The stories of love cover the ages, cultures, and circumstances of love. You can read about Hunny Reiken, 80, who talks with her husband Elliot Reiken, 86 or listen to their story on the website <storycorps.org>: Hunny speaks: "I have a twin sister, Bunny. And you have a twin brother, Danny. When we met we were sixteen and a half, and we were waitresses in a hotel. You and Danny were musicians in a band." The story of the two sets of twins marrying the same day brings a smile to the readers face but it is Hunny's reflection I like best, "When two people get married, they say two people become one. No, I don't agree. Two people should remain two people and walk side by side. I've not become Elliot. Elliot has not become Hunny. We remain Hunny and Elliot. And to me, that's important." Elliot responds, "You made my life complete. And I hope we'll go on for another fifty years." Hunny, "I'll take five good ones. Five good ones, and I'll say, 'Thank you, God!'"

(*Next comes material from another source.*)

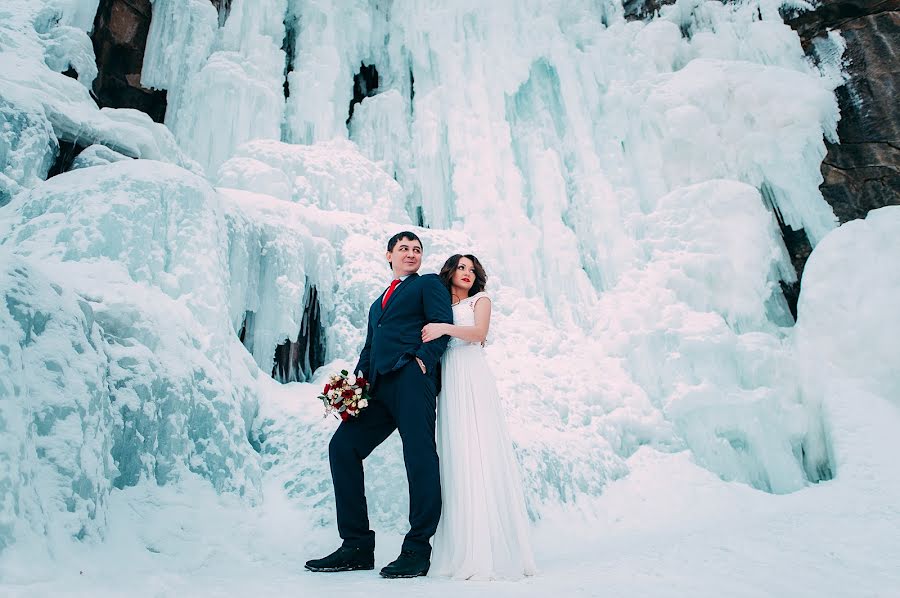 Fotógrafo de casamento Ekaterina Andreeva (ekaterinaand). Foto de 29 de março 2017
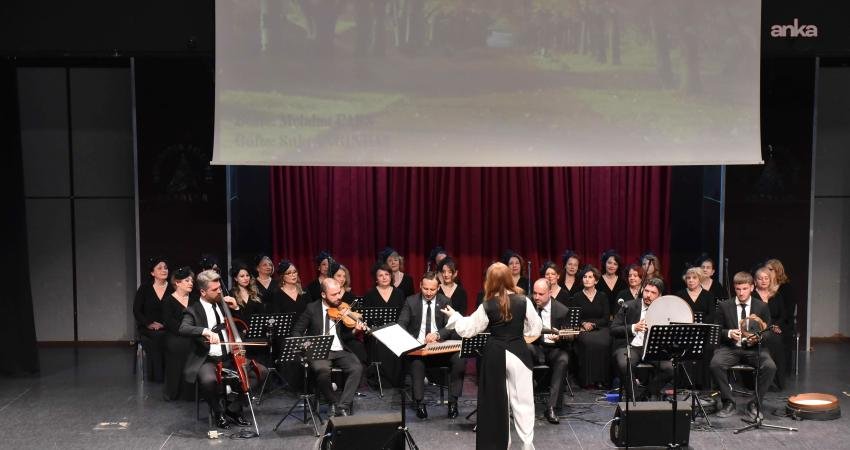 Muratpaşa Belediyesi Türk Sanat Müziği Korosu, belediyenin konferans salonunda düzenlenen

A story collected in Wichita, KS tells of a time of war when a young man working for a radio station located in the tenth floor of the Lassen Hotel meets a young woman on the elevator, but a war comes between them for a time. Paul Wilson, 93 talks to his daughter Marty Smith, 61 to tell his story. Love was torn apart on the day the terrorist attack New York and the Pentagon. Beverly Eckert, 55, remembers her husband Sean Rooney, who worked on the 105th floor in the South Tower. She speaks: "In the end, as the smoke got thicker, he just kept whispering 'I love you,' over and over. I was pressing the phone to my ear as hard as I could. I wanted to crawl through the phone lines to him to hold him one last time. Then I suddenly heard this loud explosion through the phone. I heard Sean gasp once as the floor fell out from underneath him."
I hope you each buy the book as a gift of love, or check it out from the library, because Beverly's story doesn't end there. Make sure you carry Kleenex with you as you read.